しかし、2人が日本にやってきた理由は漫才ではなく、日本語と機械工作技能の習得だ。
「生活費と授業料を払うためには漫才を続けるしかありません」と、ボケ担当のベトナム人留学生グエンさんは話す。この日は家電量販店、パチンコ店4件、居酒屋で計16回、朝から晩まで同じ漫才を披露した。労働時間は10時間。だが、マネジメント料ほか諸経費を引いたあと、2人の手元に残ったのは約2千円。時給換算で200円ほどにしかならなかった。

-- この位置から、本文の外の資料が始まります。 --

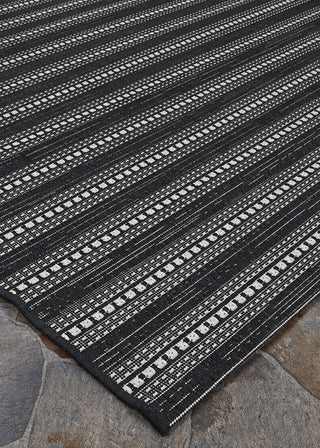 Couristan Afuera Beachcomber Onyx/Shell Area Rug Close Up Image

近年、安い賃金で雇えるとして、外国人留学生の労働力に依存する企業が増えている。これまでは縫製などの分野が主だったが、最近ではお笑いでも「家族が養えない」など生活苦を理由に若者から敬遠される傾向があり、その代わりに留学生が営業に出ることが増えているという。
外国人留学生の問題に詳しい留学生サポートセンターのソムチャイさんは「彼らはもともと日本の文化や日本語に興味を持っているので、『日本語で笑わせよう』という口説き文句にひかれて申し込むことが多い」と話す。だが実際には、現場で初めて会う相手とその日限りのコンビを組まされ、担当者から手渡された台本通りに漫才を演じることがほとんどだという。
「お笑い芸人という業種そのものが決して不人気というわけではなく、マネジメント会社が内容に見合う正当な賃金を支払っていないのが根本的な問題。中にはギャラの9割を持っていく会社もあるようです」と、ソムチャイさんは指摘する。
「お客さんが笑ってくれるのでやりがいはありますが、やりがいだけでは生きていけません。家族に仕送りもできません。ボケ担当なのにオチもなくてすいません」とグエンさんは話す。